Document methods for facts

TalismanDocument has several methods to process facts. These methods are very similar to methods for other identifiable document elements:

  • id2fact – mapping from identifier to fact;
  • facts – mapping from fact type to facts of that type;
  • get_fact – get fact by its identifier;
  • get_facts – get specified type facts;
  • related_facts – get specified type facts that are related for identifiable objects (no transitive dependencies);
  • with_facts – add (or update) facts;
  • without_facts – remove specified facts.
from tdm import DefaultDocumentFactory
from tdm.datamodel.facts import AtomValueFact, ConceptFact, FactStatus, KBConceptValue, MentionFact, PropertyFact, RelationFact, \
RelationPropertyFact
from tdm.datamodel.mentions import TextNodeMention
from tdm.datamodel.nodes import TextNode
from tdm.datamodel.values import Date, DateTimeValue, StringValue

doc = DefaultDocumentFactory.create_document()
text = TextNode('Alexander Pushkin was born on June 6, 1799')

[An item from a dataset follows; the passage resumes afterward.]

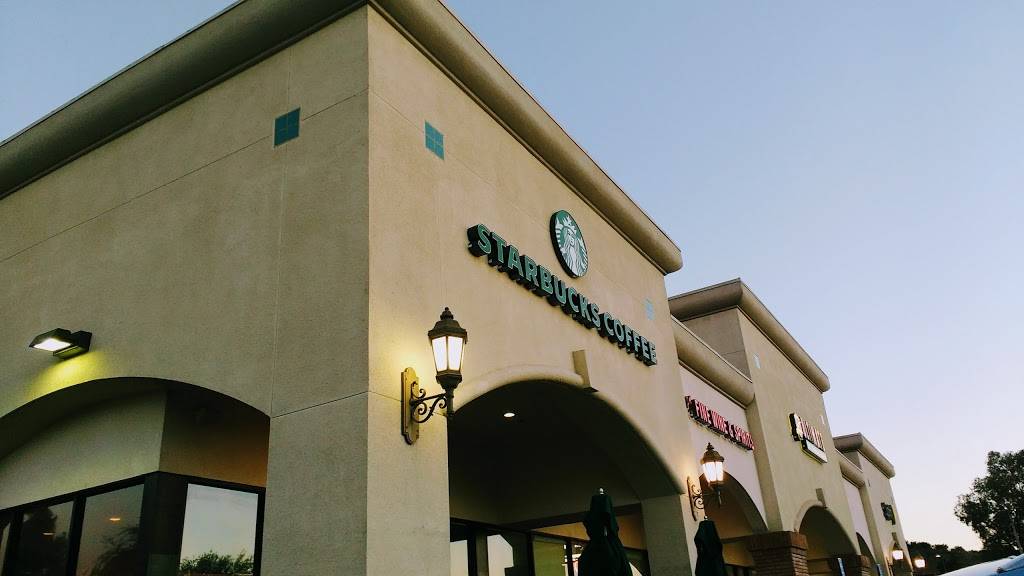 Starbucks | cafe | 561 New Los Angeles Ave, Moorpark, CA 93021, USA | 8055529431 OR +1 805-552-9431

person = ConceptFact(FactStatus.NEW, 'person')
name = AtomValueFact(FactStatus.NEW, "str", (StringValue('Alexander Pushkin'),))
name_mention = MentionFact(FactStatus.NEW, TextNodeMention(text, 0, 17), name)
name_property = PropertyFact(FactStatus.NEW, "name", person, name)

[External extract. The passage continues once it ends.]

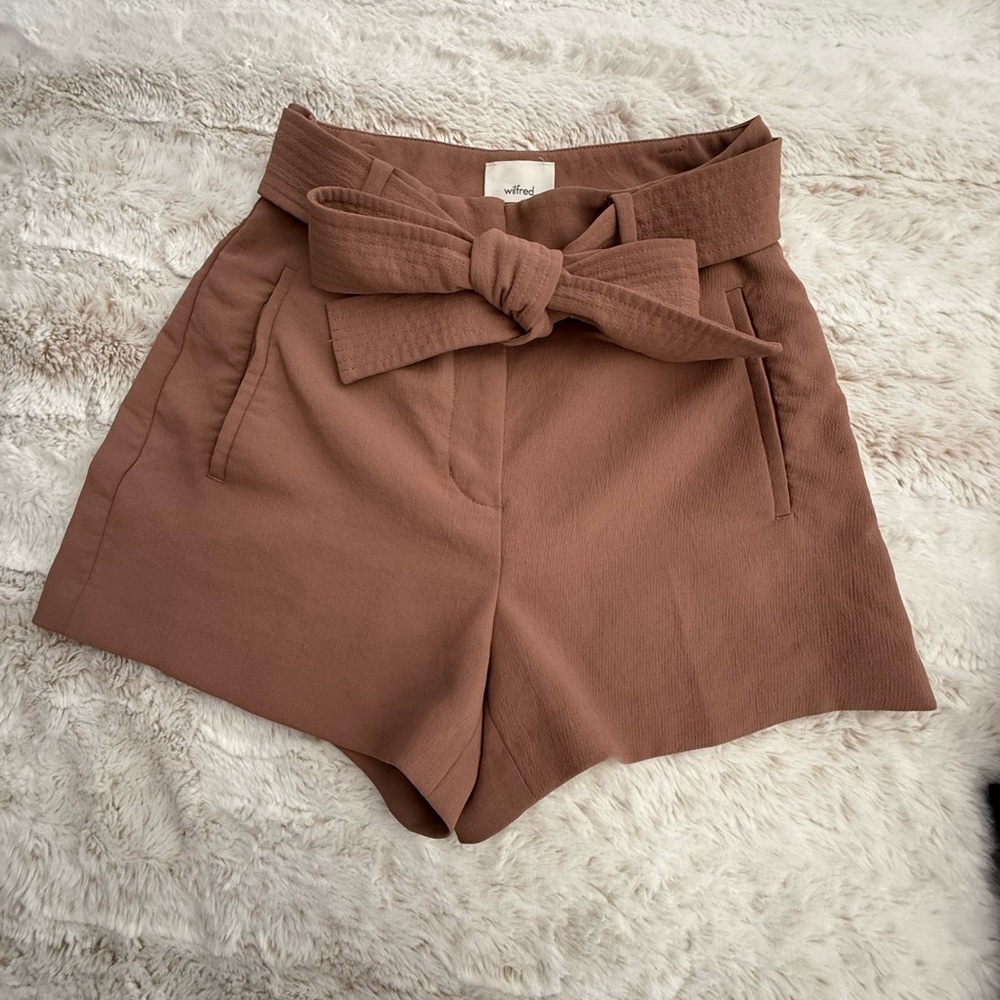 Wilfred High Waist Relaxed Shorts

date = AtomValueFact(FactStatus.NEW, "date", (DateTimeValue(Date(1799, 6, 6)),))
date_mention = MentionFact(FactStatus.NEW, TextNodeMention(text, 30, 42), date)
birthday = PropertyFact(FactStatus.NEW, "birth date", person, date)

try:
  _ = doc.with_facts([name_property])
except ValueError:
  pass  # name_property refers to facts that are not contained in the document

# add all the facts to the document
modified = doc.with_nodes([text])  # text node added in the document
modified = modified.with_facts([person, name, name_mention, name_property, date, date_mention, birthday])

# using `update` flag, all nested identifiable objects are added (updated) too.
# Text node is added from mention facts, concept and value facts are added from property facts
the_same = doc.with_facts([name_mention, name_property, date_mention, birthday], update=True)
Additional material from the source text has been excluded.